=== INSTRUCTIONS TO FOLLOW ===
Restate every line of the data word for word, except for the images.

=== RECORDS FOR THE TASK ===
+ + + + +
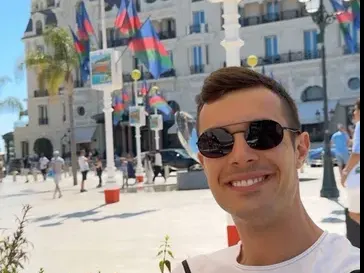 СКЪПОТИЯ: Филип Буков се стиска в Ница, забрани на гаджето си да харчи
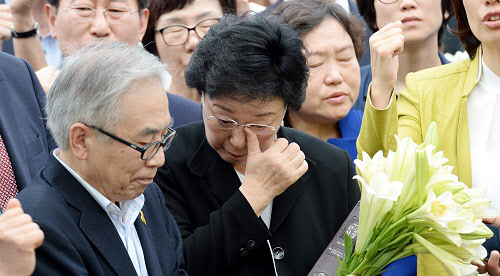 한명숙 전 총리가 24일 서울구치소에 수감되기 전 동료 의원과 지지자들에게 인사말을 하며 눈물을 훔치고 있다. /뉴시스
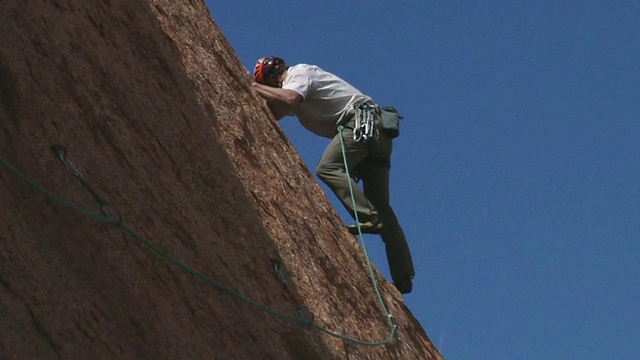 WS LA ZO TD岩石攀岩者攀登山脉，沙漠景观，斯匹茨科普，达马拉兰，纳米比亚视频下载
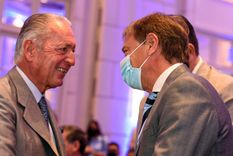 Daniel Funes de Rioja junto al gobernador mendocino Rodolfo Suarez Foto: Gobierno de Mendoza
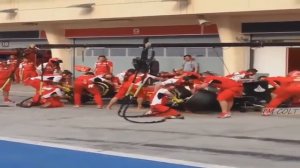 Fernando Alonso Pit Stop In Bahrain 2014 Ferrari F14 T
+ + + + +
=== PROBLEM SOLUTION ===
 СКЪПОТИЯ: Филип Буков се стиска в Ница, забрани на гаджето си да харчи
 한명숙 전 총리가 24일 서울구치소에 수감되기 전 동료 의원과 지지자들에게 인사말을 하며 눈물을 훔치고 있다. /뉴시스
 WS LA ZO TD岩石攀岩者攀登山脉，沙漠景观，斯匹茨科普，达马拉兰，纳米比亚视频下载
 Daniel Funes de Rioja junto al gobernador mendocino Rodolfo Suarez Foto: Gobierno de Mendoza
 Fernando Alonso Pit Stop In Bahrain 2014 Ferrari F14 T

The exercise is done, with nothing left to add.